Three public appearances for the Olympic torch, three nasty protests. Get used to it, get ready for more and, almost certainly, get ready for worse.

There is no chance that the path from here to Beijing in August will be a tranquil one.

For those who have made a free Tibet their cause, this is a unique, historic opportunity. They'll never have the planet's attention like this again. For anyone else among the legions who have a grievance with the government of China, now is the moment to grab the spotlight.

And since the Chinese response when challenged tends to be light on public-relations niceties, light on hand-holding diplomacy and heavy on defiance and force — consider that the first volley in Canada was to summon reporters to an audience with China's ambassador to Canada so he could call the Dalai Lama a liar — the stage is set for a moment of reckoning about what the modern Olympic Games are really about.

Canadians had best be prepared with an answer, because we're going to need one.

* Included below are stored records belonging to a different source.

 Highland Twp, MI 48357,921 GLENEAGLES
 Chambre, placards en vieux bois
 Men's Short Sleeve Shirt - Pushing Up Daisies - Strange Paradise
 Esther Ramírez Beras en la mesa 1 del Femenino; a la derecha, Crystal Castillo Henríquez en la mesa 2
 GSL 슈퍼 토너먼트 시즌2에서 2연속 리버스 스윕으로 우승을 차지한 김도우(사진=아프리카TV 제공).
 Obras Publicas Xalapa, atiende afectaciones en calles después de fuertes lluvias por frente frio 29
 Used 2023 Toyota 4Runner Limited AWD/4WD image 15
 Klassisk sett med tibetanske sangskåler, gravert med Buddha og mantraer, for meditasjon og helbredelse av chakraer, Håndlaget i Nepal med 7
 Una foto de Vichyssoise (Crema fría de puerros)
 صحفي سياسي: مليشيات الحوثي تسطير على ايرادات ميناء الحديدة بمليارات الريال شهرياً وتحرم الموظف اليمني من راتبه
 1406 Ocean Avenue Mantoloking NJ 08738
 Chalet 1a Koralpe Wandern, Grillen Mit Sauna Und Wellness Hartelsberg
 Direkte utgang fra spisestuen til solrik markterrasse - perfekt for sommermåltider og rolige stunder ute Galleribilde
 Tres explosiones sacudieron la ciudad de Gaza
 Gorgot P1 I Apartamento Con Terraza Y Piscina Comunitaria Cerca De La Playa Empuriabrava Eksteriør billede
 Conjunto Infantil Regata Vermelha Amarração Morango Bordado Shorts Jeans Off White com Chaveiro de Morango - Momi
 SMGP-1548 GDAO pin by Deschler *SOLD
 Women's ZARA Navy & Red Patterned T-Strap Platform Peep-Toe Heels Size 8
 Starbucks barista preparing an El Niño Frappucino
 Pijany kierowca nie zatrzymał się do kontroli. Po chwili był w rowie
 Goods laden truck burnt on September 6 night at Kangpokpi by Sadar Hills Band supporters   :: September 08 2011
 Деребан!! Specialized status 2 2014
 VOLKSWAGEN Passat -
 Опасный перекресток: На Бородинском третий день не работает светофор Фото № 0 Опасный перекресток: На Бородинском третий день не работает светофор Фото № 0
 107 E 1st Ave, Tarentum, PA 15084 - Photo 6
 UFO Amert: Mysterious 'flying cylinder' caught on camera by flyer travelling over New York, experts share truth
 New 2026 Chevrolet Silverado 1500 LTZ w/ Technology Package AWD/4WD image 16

So far, polling suggests that most public sentiment is on the side of proceeding with Olympic business as usual, and though a few foreign leaders have begun to express unease, most are still pledging to show up for the opening ceremony and reject any suggestion of a boycott. (Our own Prime Minister says he isn't going to make it to the Games, but won't say why, and won't own up to being party to a protest — thus for the moment having it both ways.)

Understandably, the vast majority of athletes, much of whose young lives have focused on getting to these Games, don't want anything to interfere with their dreams.

They point out that past walkouts didn't accomplish much in the grand scheme of things — and they're almost 100-per-cent right about that, as could be said about most demonstrations and most issues.

But what they can't argue credibly is the notion that the Olympics themselves are apolitical, that this is about sports, period. That won't be true until they take down the flags, stop playing the anthems, stop the spectacle from being used as a grand propaganda exercise — and, as a result, governments stop paying the tab.

The masters of the Olympic empire are also trying to play the purity/futility card, most recently in the form of Dick Pound (who in a previous incarnation as International Olympic Committee vice-president sat dutifully by as, among other things, his boss, Juan Antonio Samaranch, refused again and again to acknowledge the families of the victims of the Munich massacre).

Like the athletes, the IOC and its corporate sponsors have a whole lot to lose here.

They decided to lie down with the Chinese government (not the first time they've cut that kind of bargain) in the interests of global harmony, greater understanding — and, especially, commerce — so can't exactly turn away in horror now.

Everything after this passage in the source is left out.